→ **Assignment**
Copy all entries exactly, and wherever an entry holds a picture, leave that picture out.

(Records from a data source)
┄┄┄┄┄┄┄┄┄┄┄┄┄┄┄┄┄┄┄┄
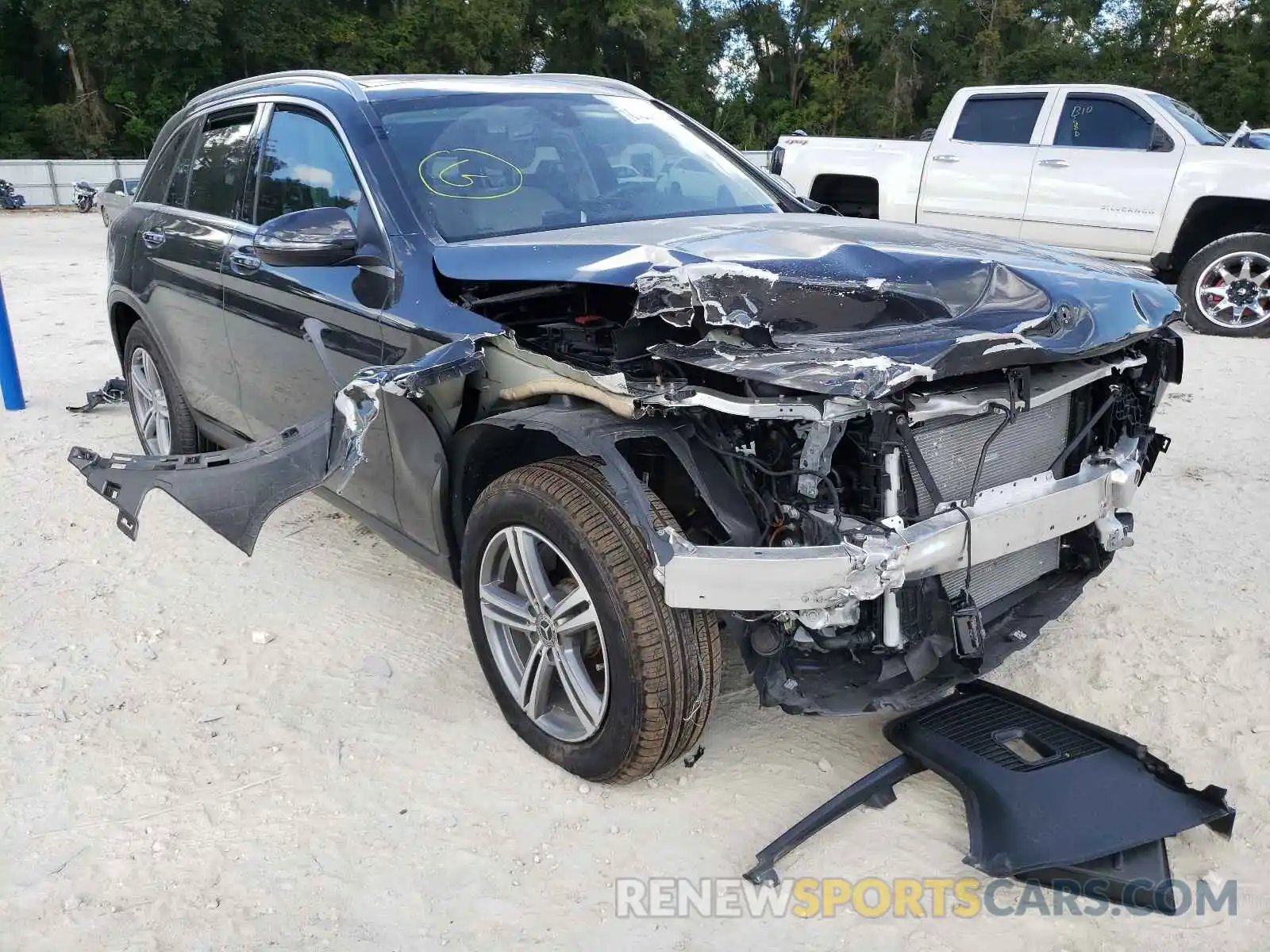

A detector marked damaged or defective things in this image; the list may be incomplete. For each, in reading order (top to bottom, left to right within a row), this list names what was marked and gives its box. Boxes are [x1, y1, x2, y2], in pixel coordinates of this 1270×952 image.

crumpled hood [434, 214, 1178, 396]
torn sheet metal [434, 213, 1178, 398]
torn sheet metal [68, 340, 485, 555]
damaged mercedes-benz suv [76, 68, 1178, 781]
┄┄┄┄┄┄┄┄┄┄┄┄┄┄┄┄┄┄┄┄
→ **Response below**
A detector marked damaged or defective things in this image; the list may be incomplete. For each, in reading order (top to bottom, left to right within a row), this list names what was marked and gives its box. Boxes are [x1, y1, x2, y2], in pixel coordinates of this 1270×952 image.

crumpled hood [434, 214, 1178, 396]
torn sheet metal [434, 213, 1178, 398]
torn sheet metal [68, 340, 485, 555]
damaged mercedes-benz suv [76, 68, 1178, 781]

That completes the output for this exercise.